Heartprints in the Void
⊰ 28 ⊱ I Hate You, I Love You

I lean against the window, my skin still tingling from Cade's touch, my lips swollen from his kiss. The glass feels cool against my shoulder as I try to steady my racing heartbeat, to calm the desire thrumming through my veins and heat between my legs.

The sound of footsteps echoes on the tile floor, pulling me from my thoughts. I cock my head to the side, seeing Cade re-entering the kitchen, now fully dressed in a crisp white shirt and dark jeans. The fabric stretches across his broad shoulders.

*Oh...*

A flicker of disappointment runs through me, but I quickly push it down. It's probably for the best that we stopped when we did. We need to talk, to figure out what this *thing* is between us, before we let it go any further. "How about some breakfast?" Cade offers, his voice still rough, sending a shiver down my spine. He moves towards the fridge, the scent of his cologne mixing with the aroma of coffee in the air.

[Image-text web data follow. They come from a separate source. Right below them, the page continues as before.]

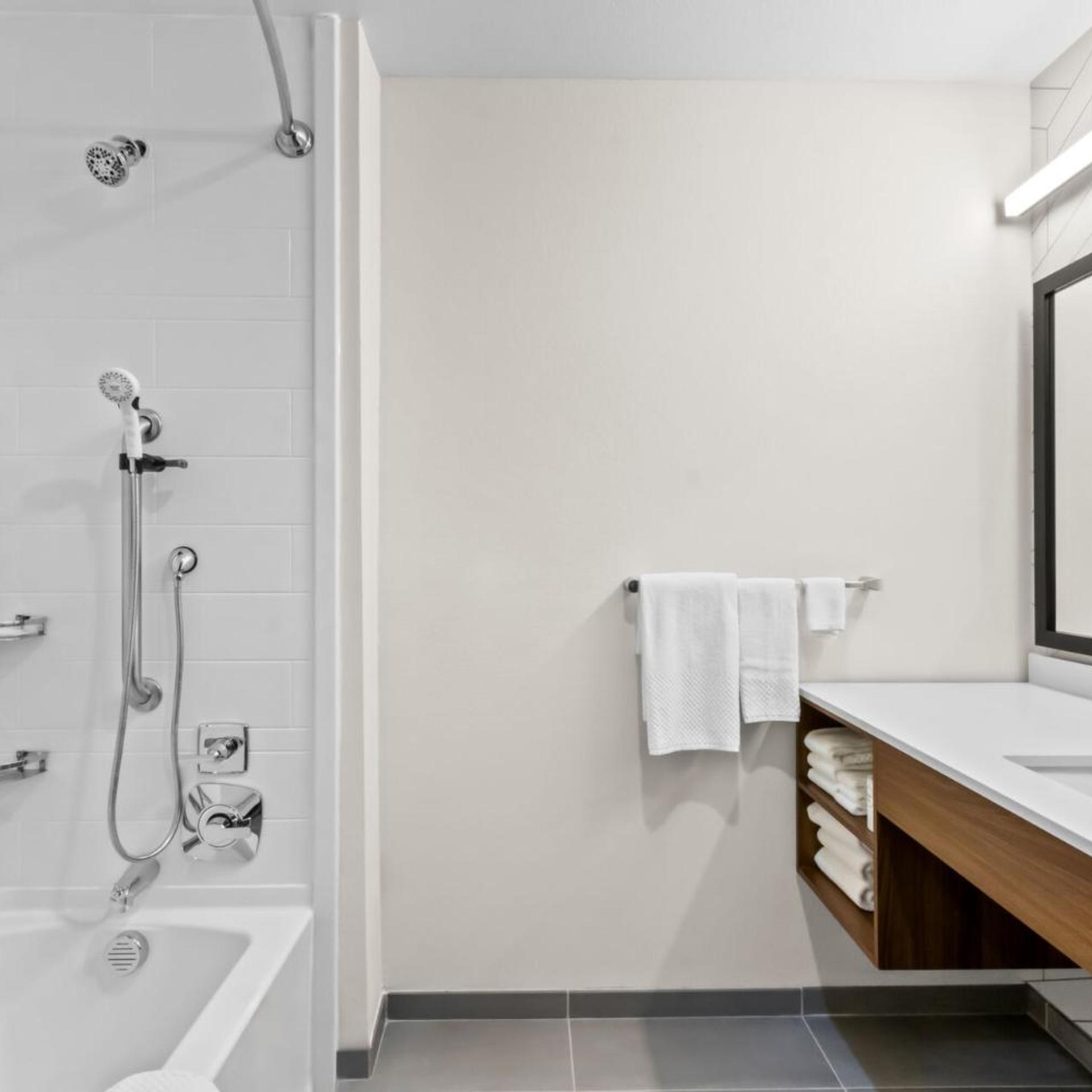 Everhome Suites Ocala I-75 North 59/59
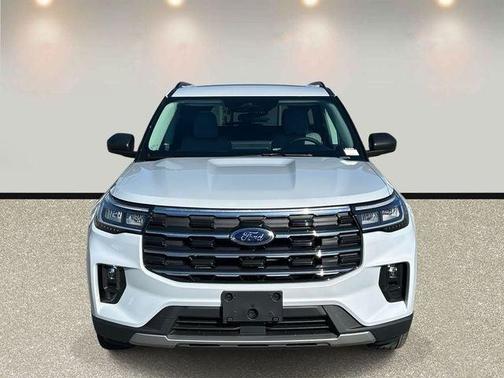 White Metallic 2026 Ford Explorer Active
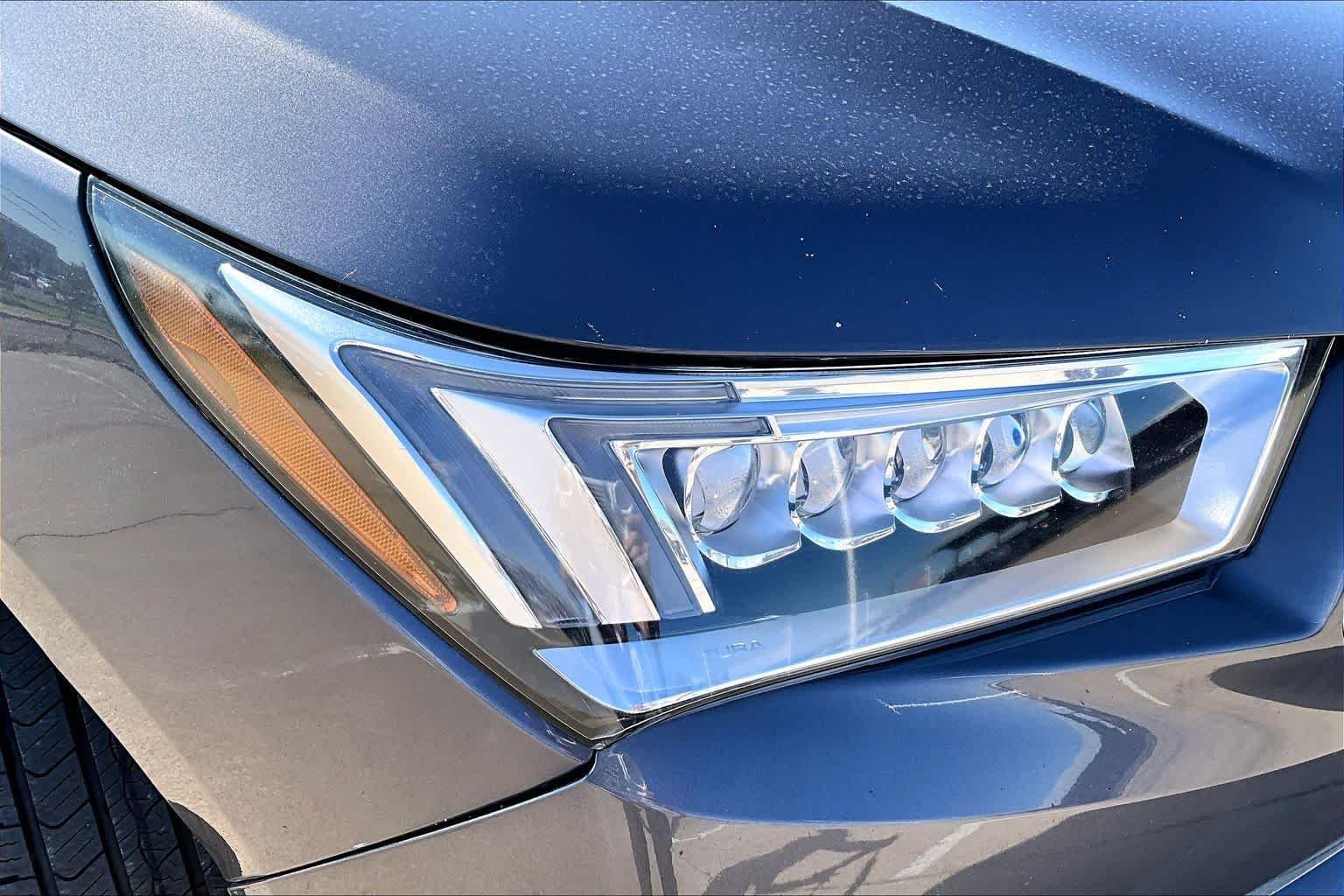 Used 2017 Modern Steel Metallic Acura w/Technology Pkg image 27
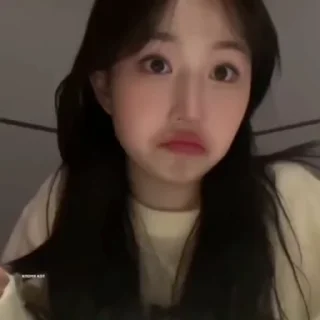 🤨 emoji 💜 ᐯIOᒪET 💜 { @English_World_Chatting } Telegram sticker 9 of 120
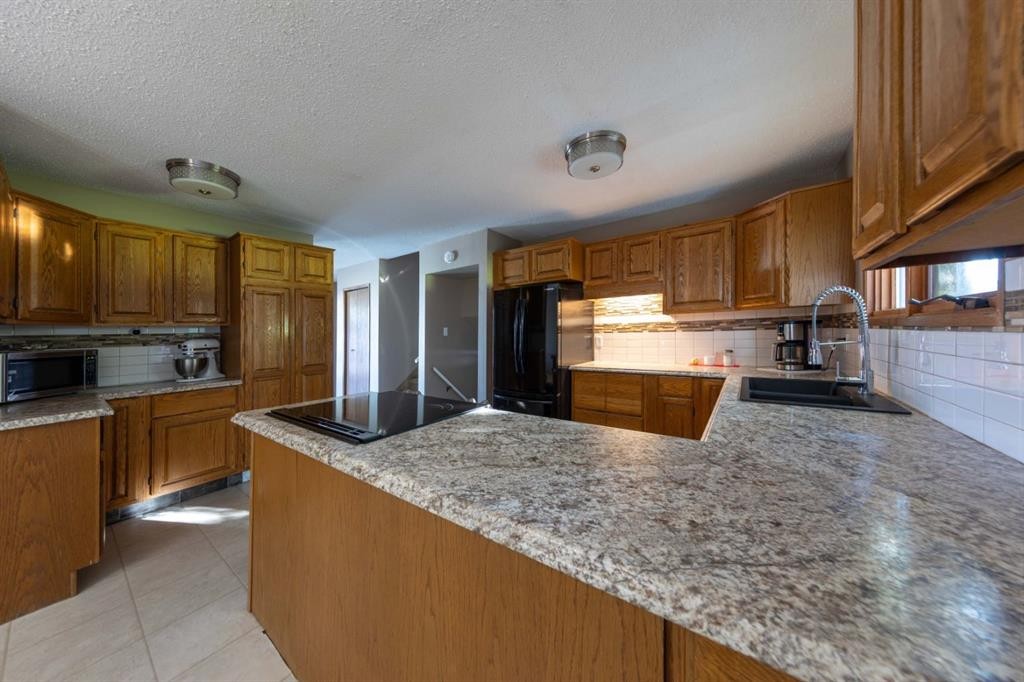3007 52 Avenue, Lloydminster, AB - Indoor Photo Showing Kitchen With Double Sink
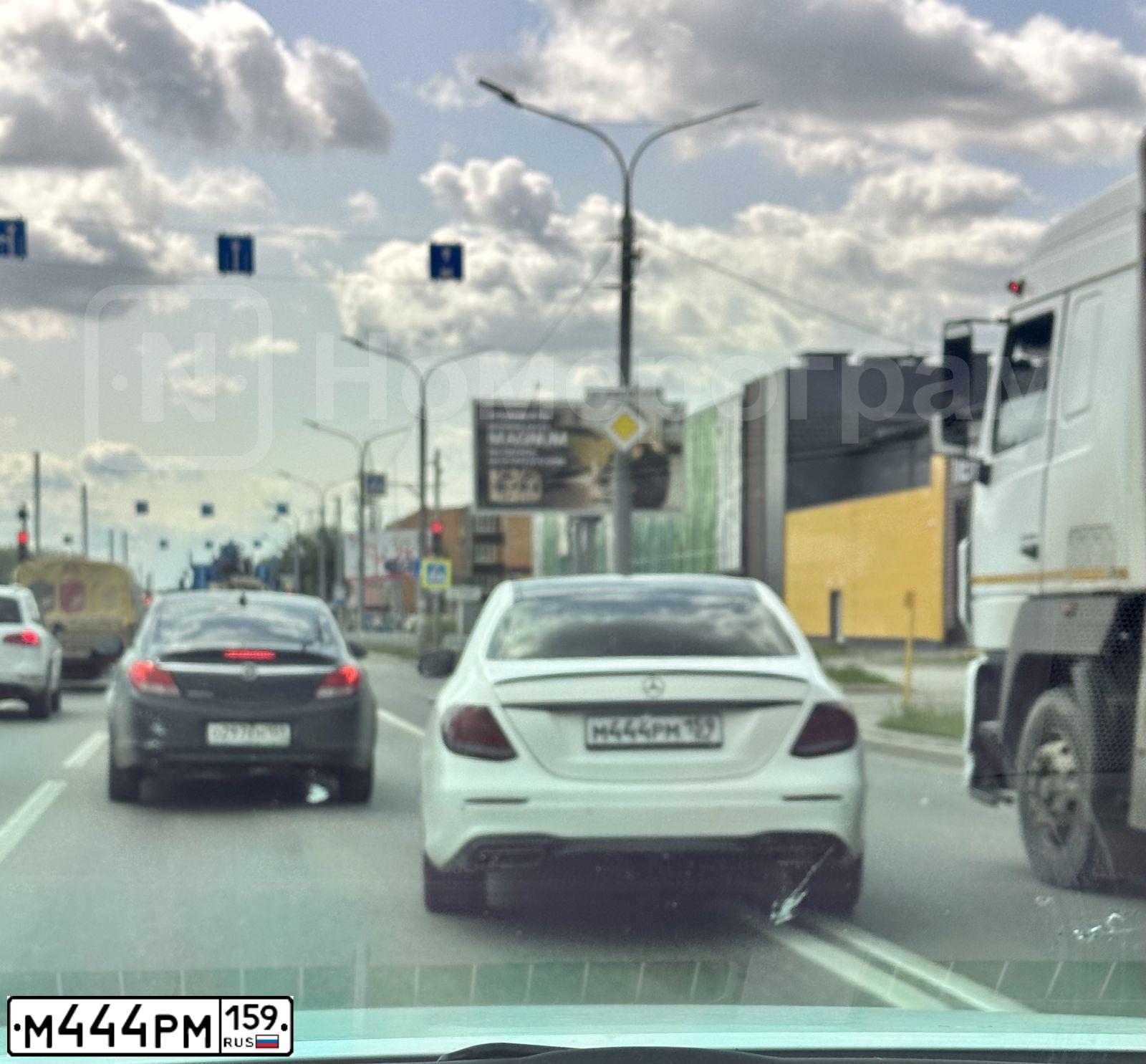 Фото автомобиля MERCEDES E-KLASSE, 2019 — госномер М444РМ159. Цвет: Белый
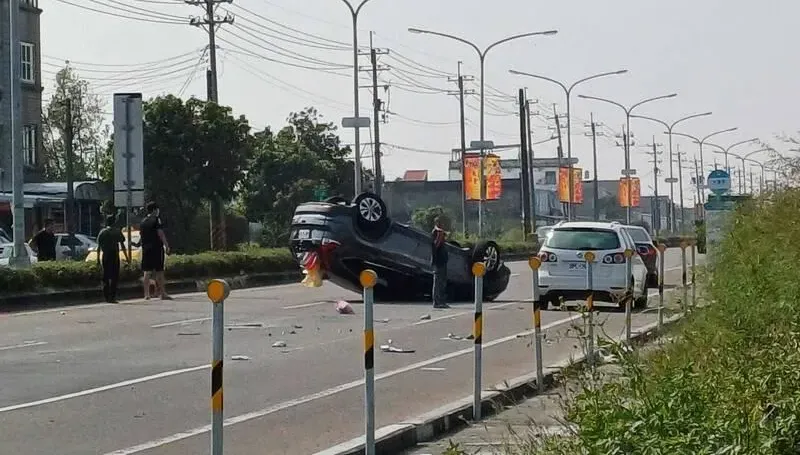 影/嘉義縣道168線「休旅車翻覆」！23歲男失去生命跡象搶救中
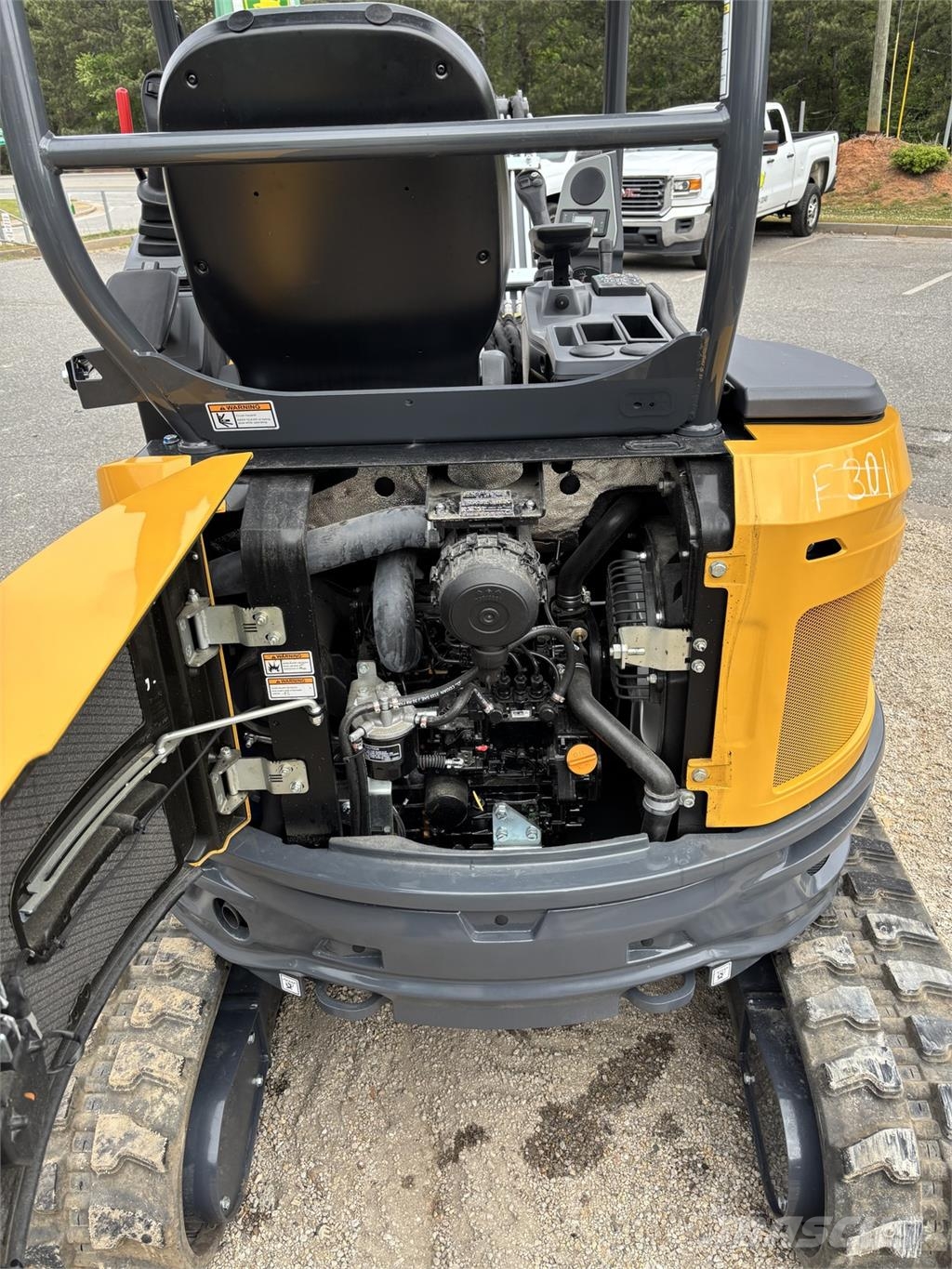 John Deere 26 P Minigraafmachines < 7t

I nod, not trusting my voice. I move toward the counter, picking a stool as I watch him gather ingredients for what looks like an omelet. The sizzling butter in the pan fills the room, the rich scent of sautéing vegetables making my stomach grumble.

*I'm so hungry.*

I hadn't realized it. I haven't eaten since yesterday's lunch, having told myself I'd grab dinner on the way home from the club, but then...

*I can't believe I let myself get that drunk.*

My gaze flickers to Cade, watching as he effortlessly moves around the kitchen as though he's done it a million times before. It makes me wonder why someone with so much money, so much power, would choose to live so...humbly. Then again, this is Cade. His mother made sure to raise him to not be *privilegedly incompetent.

But even as he carries himself seamlessly, I can tell there's something weighing heavy on his mind. There's a tension in the set of his shoulders, a furrow in his brow that wasn't there before.

*What was that phone call about..?*

Whatever it was, I can tell it rattled him.

"Is everything okay?" I ask softly, concern overriding my apprehension.

He pauses, his hand hovering over the bowl of whisked eggs. When he turns to me, there's a look on his face I've never seen before. Fear, guilt, sorrow, all warring for dominance in his ocean-blue eyes. "What is it?" I press, my heart lodging in my throat, the acrid taste of dread filling my mouth.

He sets the bowl down with a clatter, bracing his hands on the counter. The marble squeaks under his palms, the sound harsh in the sudden silence.

"Elysian, I..." His voice falters, the words seeming to stick in his throat. "I'm in love with you. I want to be with you."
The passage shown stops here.